### Goal of the exercise
A word-for-word copy of the listing, free of images, is the expected answer.
======== Source data ========
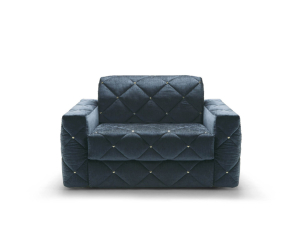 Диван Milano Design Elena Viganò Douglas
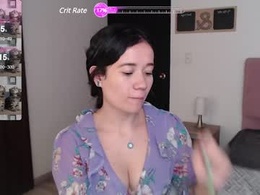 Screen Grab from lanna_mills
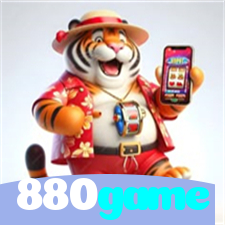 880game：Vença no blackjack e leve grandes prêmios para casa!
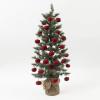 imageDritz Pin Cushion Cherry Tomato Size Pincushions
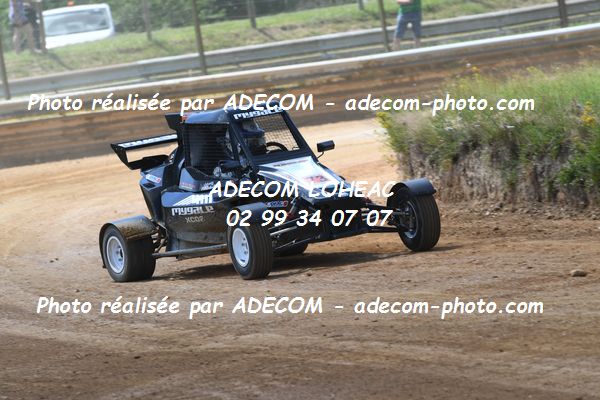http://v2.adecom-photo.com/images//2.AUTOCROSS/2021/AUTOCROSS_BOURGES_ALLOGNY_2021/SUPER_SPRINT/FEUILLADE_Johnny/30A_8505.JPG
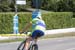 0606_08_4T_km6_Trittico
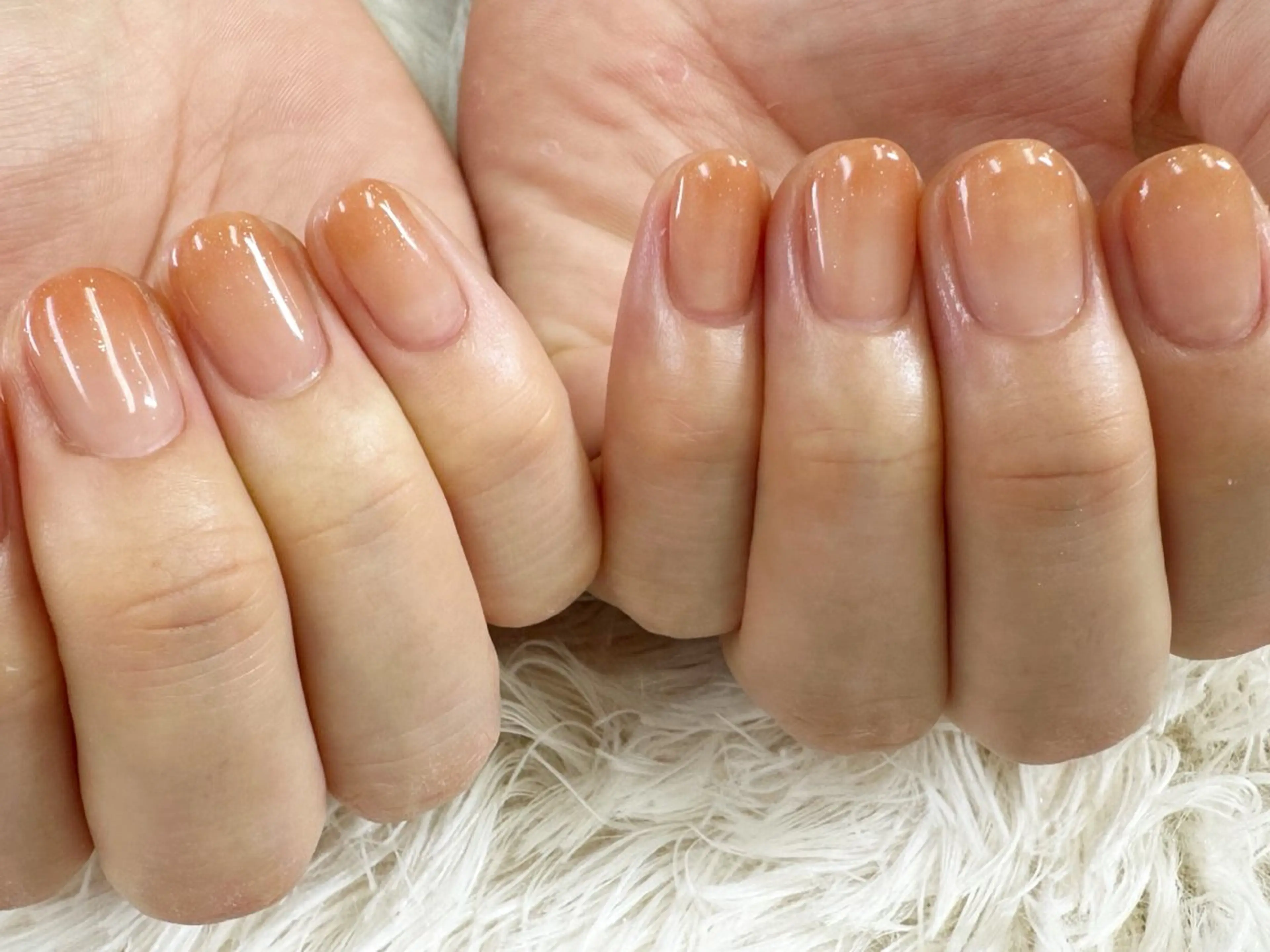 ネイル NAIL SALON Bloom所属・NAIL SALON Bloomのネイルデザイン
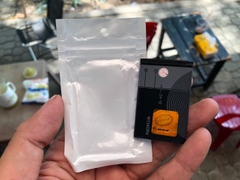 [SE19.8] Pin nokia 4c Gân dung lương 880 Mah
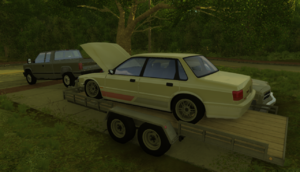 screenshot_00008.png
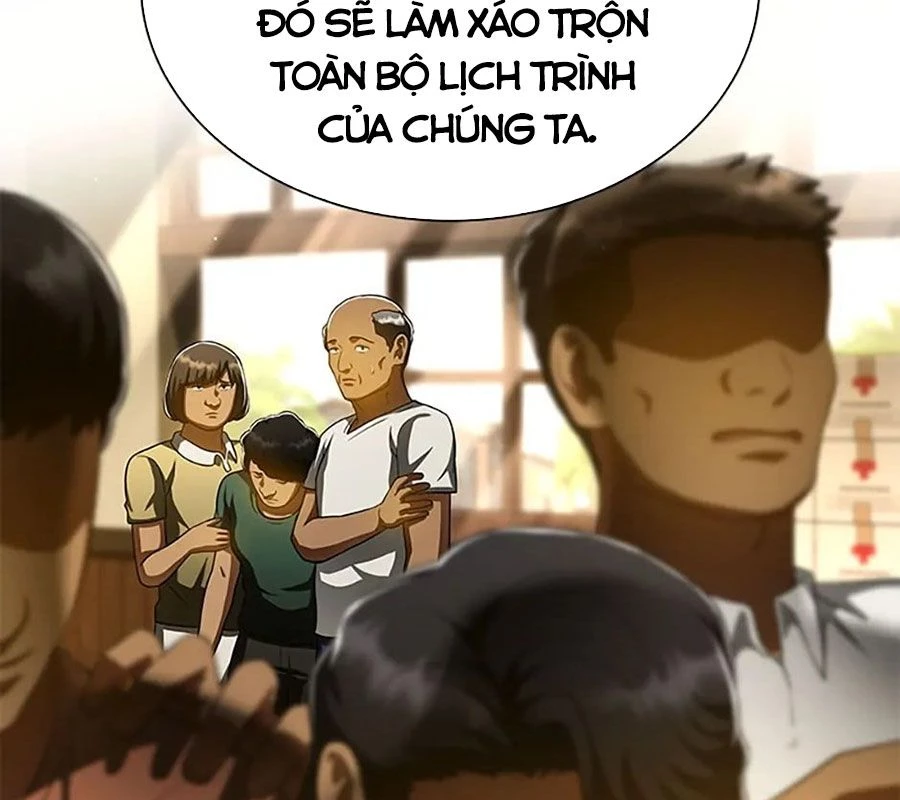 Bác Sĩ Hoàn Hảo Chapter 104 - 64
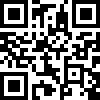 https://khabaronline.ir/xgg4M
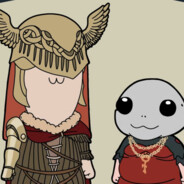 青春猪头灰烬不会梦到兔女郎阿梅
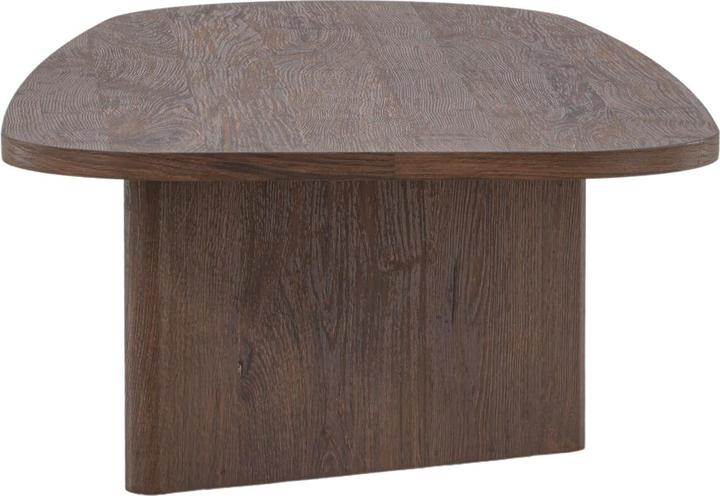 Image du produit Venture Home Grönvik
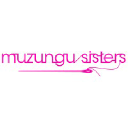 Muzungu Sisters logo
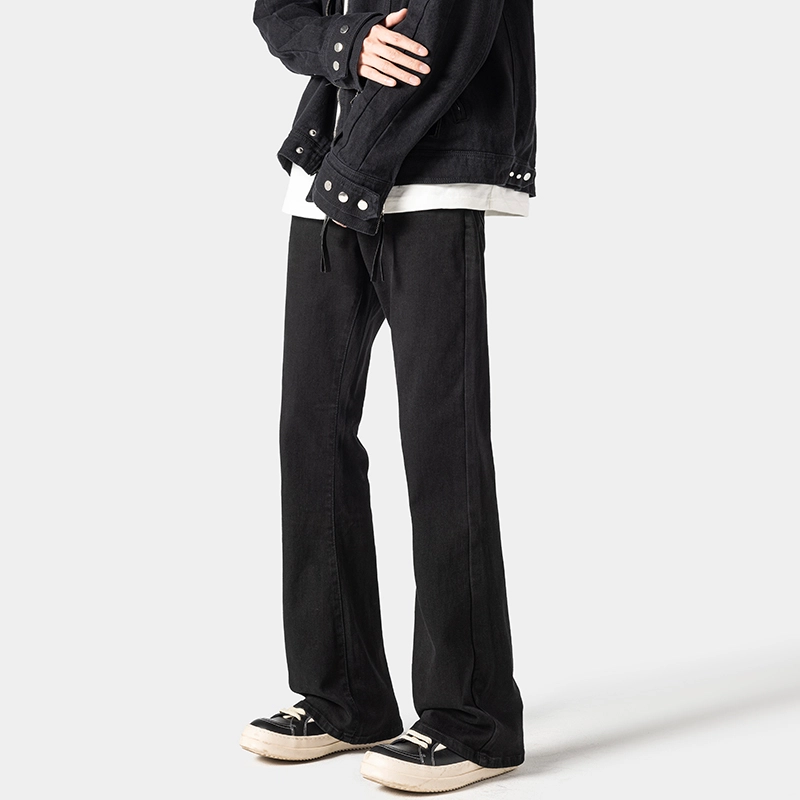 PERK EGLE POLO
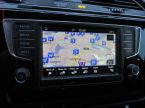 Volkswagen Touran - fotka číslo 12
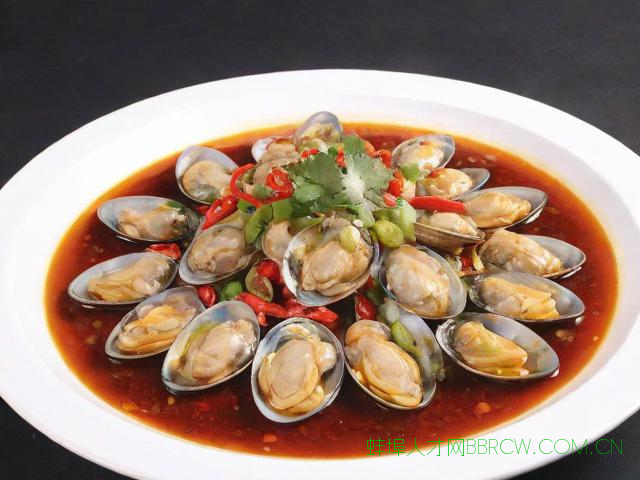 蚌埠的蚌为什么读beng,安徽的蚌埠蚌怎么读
========
### Written answer
 Диван Milano Design Elena Viganò Douglas
 Screen Grab from lanna_mills
 880game：Vença no blackjack e leve grandes prêmios para casa!
 imageDritz Pin Cushion Cherry Tomato Size Pincushions
http://v2.adecom-photo.com/images//2.AUTOCROSS/2021/AUTOCROSS_BOURGES_ALLOGNY_2021/SUPER_SPRINT/FEUILLADE_Johnny/30A_8505.JPG
 0606_08_4T_km6_Trittico
 ネイル NAIL SALON Bloom所属・NAIL SALON Bloomのネイルデザイン
 [SE19.8] Pin nokia 4c Gân dung lương 880 Mah
 screenshot_00008.png
 Bác Sĩ Hoàn Hảo Chapter 104 - 64
 https://khabaronline.ir/xgg4M
 青春猪头灰烬不会梦到兔女郎阿梅
 Image du produit Venture Home Grönvik
 Muzungu Sisters logo
 PERK EGLE POLO
 Volkswagen Touran - fotka číslo 12
 蚌埠的蚌为什么读beng,安徽的蚌埠蚌怎么读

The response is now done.